# Pilot 6 by KW



## Dany (Nov 5, 2017)

I found this cubic thing marked Pilot 6 in France in a trade faire dedicated to vintage cameras.
It was in very bad condition and it took me some time to refresh it.
It is German and was released between 1936 and 1938 by KW (Kamera Werkstätten).
Such a short period of production makes it quite difficult to find, even in Europe. 
But this small box is not ....a box camera.

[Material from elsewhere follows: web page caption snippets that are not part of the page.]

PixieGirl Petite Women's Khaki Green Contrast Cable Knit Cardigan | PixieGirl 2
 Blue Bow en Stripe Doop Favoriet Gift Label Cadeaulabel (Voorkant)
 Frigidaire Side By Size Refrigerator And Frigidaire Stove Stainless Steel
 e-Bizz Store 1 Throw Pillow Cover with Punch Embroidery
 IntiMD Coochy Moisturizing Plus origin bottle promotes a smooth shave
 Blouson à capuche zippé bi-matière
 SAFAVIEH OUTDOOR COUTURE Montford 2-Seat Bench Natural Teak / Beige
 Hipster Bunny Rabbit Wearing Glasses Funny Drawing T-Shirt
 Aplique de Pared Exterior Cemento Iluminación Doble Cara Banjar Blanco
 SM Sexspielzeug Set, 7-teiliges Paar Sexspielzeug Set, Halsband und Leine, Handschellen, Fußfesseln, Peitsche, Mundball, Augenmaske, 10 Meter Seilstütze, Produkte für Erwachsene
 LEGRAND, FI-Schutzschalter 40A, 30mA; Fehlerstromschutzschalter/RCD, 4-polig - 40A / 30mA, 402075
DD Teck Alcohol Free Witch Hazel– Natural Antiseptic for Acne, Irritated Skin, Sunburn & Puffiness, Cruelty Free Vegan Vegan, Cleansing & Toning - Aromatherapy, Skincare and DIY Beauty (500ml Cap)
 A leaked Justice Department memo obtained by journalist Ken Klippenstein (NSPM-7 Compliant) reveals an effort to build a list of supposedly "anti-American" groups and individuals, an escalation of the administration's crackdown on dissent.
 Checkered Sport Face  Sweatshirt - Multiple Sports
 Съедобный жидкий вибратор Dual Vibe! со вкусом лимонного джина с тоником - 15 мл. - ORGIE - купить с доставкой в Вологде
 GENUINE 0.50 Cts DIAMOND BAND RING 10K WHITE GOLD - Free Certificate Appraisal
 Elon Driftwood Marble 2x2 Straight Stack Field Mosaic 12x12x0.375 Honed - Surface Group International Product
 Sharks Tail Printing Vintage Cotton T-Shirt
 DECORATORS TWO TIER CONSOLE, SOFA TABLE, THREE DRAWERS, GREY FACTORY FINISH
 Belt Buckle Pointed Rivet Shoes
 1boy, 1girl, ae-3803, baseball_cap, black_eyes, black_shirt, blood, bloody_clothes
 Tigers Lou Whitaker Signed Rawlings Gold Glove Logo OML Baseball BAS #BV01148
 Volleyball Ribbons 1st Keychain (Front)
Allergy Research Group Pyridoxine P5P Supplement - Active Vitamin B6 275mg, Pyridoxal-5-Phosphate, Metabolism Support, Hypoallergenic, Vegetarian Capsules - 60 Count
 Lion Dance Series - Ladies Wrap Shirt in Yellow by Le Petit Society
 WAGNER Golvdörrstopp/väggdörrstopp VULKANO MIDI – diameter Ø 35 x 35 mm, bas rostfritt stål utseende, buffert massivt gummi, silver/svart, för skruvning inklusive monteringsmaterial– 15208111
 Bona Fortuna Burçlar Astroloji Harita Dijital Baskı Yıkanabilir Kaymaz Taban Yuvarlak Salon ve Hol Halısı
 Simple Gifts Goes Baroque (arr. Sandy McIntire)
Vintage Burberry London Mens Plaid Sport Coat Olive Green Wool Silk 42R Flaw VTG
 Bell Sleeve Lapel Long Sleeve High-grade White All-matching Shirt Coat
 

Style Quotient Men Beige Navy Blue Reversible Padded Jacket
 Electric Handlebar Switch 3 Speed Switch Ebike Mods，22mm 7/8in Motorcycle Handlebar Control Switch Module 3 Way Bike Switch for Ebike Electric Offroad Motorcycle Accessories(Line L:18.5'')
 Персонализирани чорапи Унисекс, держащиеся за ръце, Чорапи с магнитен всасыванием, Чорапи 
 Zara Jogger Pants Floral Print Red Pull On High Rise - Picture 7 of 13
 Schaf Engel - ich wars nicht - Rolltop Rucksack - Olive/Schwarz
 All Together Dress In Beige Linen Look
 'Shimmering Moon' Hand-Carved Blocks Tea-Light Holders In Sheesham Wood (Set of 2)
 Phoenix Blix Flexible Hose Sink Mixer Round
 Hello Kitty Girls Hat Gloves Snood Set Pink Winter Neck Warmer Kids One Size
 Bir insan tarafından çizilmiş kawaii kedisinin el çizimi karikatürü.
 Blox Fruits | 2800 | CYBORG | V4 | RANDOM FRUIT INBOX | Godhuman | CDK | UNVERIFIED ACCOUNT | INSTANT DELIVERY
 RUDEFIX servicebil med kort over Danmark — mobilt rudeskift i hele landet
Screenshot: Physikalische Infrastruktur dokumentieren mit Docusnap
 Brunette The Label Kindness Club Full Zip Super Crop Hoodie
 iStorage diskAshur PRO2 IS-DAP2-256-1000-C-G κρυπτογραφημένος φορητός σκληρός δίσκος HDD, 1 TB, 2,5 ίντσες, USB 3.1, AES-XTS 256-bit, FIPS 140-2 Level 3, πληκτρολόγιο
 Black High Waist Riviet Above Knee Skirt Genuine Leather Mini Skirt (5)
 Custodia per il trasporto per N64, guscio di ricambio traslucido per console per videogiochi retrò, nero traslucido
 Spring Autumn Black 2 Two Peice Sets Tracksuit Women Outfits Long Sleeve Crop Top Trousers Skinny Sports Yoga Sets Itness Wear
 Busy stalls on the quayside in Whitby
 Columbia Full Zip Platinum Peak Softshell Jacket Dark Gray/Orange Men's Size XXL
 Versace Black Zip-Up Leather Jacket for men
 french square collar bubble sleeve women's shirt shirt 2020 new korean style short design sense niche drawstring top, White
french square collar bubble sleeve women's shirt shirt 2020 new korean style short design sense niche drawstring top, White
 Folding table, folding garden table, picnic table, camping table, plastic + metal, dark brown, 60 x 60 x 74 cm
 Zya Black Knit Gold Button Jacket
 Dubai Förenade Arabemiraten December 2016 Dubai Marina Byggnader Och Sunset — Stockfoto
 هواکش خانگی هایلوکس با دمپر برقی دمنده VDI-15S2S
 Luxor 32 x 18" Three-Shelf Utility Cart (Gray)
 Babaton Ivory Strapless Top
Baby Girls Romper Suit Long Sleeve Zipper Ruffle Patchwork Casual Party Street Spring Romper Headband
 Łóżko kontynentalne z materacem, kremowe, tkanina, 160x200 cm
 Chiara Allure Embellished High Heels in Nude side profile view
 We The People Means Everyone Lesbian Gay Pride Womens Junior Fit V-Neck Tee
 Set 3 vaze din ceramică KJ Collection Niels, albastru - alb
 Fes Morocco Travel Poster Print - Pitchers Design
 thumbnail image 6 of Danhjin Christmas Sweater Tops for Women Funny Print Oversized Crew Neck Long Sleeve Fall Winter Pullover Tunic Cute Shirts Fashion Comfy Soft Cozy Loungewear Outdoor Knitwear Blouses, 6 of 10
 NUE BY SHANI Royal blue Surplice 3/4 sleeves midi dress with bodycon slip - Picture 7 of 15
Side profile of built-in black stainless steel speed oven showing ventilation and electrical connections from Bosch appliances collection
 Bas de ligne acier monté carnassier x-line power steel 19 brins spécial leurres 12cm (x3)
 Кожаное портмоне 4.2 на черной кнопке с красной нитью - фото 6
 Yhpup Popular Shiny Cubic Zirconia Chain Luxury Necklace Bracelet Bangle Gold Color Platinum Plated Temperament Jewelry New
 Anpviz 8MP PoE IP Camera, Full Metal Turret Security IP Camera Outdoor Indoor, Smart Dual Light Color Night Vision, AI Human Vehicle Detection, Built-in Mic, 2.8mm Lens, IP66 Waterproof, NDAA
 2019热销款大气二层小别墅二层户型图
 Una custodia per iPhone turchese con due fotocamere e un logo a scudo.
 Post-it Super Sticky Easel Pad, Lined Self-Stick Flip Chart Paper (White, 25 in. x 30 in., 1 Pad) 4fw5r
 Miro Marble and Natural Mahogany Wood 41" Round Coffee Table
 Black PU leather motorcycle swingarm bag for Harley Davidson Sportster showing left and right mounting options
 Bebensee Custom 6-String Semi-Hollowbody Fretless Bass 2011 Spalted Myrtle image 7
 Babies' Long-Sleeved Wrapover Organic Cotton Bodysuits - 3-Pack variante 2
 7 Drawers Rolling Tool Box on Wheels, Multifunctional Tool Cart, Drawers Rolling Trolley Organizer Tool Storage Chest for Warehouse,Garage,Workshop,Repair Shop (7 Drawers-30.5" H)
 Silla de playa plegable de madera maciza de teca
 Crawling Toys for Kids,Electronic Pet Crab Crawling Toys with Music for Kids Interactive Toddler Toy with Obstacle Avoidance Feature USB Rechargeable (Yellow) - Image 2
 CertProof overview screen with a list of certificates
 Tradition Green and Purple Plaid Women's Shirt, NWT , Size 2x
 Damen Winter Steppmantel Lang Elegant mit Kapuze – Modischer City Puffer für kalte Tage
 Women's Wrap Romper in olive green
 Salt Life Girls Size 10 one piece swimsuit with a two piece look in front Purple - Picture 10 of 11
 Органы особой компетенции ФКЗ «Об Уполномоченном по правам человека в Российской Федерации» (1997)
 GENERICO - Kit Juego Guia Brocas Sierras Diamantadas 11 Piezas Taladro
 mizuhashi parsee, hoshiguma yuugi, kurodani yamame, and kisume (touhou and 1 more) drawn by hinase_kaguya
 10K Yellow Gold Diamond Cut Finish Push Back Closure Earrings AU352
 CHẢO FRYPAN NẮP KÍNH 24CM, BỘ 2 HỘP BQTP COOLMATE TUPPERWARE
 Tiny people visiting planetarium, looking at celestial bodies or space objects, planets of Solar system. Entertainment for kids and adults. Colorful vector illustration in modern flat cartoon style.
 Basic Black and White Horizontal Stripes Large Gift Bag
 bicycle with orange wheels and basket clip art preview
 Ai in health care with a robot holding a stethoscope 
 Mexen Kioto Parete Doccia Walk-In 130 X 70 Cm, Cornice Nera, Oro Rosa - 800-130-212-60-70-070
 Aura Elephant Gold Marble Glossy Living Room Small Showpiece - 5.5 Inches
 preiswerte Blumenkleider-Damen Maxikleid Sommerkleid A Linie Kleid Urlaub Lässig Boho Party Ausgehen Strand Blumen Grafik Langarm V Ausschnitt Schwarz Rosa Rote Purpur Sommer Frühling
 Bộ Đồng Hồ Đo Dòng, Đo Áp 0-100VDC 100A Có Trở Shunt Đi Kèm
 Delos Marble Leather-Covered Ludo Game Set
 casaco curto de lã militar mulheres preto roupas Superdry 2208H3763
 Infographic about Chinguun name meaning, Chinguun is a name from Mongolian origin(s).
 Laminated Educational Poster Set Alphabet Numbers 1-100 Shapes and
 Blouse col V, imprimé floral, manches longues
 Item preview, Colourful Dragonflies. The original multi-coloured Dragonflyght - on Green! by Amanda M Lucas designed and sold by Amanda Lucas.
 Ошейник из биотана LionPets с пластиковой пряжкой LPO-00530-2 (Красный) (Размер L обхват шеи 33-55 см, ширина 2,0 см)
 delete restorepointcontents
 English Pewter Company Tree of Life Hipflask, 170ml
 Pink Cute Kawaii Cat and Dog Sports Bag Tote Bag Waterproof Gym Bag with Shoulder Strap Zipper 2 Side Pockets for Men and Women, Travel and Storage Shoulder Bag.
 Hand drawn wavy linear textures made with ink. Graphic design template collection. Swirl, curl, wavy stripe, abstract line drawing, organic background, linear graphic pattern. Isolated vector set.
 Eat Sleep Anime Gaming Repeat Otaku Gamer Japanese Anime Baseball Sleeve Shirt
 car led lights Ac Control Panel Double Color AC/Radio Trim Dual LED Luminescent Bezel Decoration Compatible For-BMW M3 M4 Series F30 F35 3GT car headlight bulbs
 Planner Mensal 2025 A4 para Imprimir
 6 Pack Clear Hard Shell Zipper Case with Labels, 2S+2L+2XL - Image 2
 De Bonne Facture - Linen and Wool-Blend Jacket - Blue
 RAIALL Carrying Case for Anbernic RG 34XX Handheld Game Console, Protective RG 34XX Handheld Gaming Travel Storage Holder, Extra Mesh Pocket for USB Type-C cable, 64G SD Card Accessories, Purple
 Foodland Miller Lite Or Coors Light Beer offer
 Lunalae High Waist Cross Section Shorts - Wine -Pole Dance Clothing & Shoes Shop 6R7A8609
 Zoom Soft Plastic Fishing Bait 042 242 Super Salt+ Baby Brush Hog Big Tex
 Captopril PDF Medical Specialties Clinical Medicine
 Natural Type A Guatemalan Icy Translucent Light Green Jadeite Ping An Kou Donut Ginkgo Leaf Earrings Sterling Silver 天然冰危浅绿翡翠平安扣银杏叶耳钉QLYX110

It may be considered as a landmark in the camera history for being one of the early ancestors of the "modern" 6x6 cm SLR.
Inside a compact body is a very special mirror/shutter combination system which moves when triggered with a loud noise (which reminds me the happy days when I could torture an Hasselblad in a photo studio)
It bears on the side a lead seal hanging on a wire and stamped by the Belgian customs which proves that the device was imported legally
It uses 120 films, Is equipped with a waist level finder and a wire frame sport finder on the side
Admittedly, The aesthetics of this device is questionable but I find it endearing.
In 1938, KW proposed an enhanced version of the Pilot 6 with interchangeable lens and a better shutter. I hope I will find one copy of this version in the future.


----------



## jcdeboever (Nov 5, 2017)

Very cool. You must have a huge collection. Did you restore it enough to take pictures?


----------



## Dany (Nov 5, 2017)

The Pilot 6 could work normally I suppose. The shutter fires normally and nothing seems broken.
Most of my cameras are in good working condition but I must admit that I have not enough available time to use them.
Some of them are so old and brittle that I will not test them.
Added to this, a growing ecologic concern makes me hesitant to throw to the drain various chemical products that I normally used in the past for the films and print processing operations.


----------



## dxqcanada (Nov 7, 2017)

Yup, that is a cool camera.
I really gotta go to Europe and get this stuff before you grab it. I just got some "new" cameras, but not as awesome as yours


----------



## Dean_Gretsch (Nov 7, 2017)

Great post! I like the original advertisement best of all that shows the ridiculous price of $30 for the deluxe camera+ lens. It would be a pleasure to see photos taken with this camera if you are comfortable doing it.


----------



## Derrel (Nov 7, 2017)

It states that it shoots a rectangular aspect ratio image. Does it shoot a "wide" image in normal orientation at waist level, or a "tall" image?

Really NEAT to read the original advertisement for this beautiful vintage camera!


----------



## compur (Nov 7, 2017)

There were 2 version of this camera. One shot 6x6 format and the other was 6X4.5.


----------



## Dany (Nov 8, 2017)

Derrel said:


> It states that it shoots a rectangular aspect ratio image. Does it shoot a "wide" image in normal orientation at waist level, or a "tall" image?
> 
> Really NEAT to read the original advertisement for this beautiful vintage camera!



The image on the waist level viewfinder is square as the négative obtained (I hope I understood your point Derrel because the way I understand and write English is rather ...chaotic)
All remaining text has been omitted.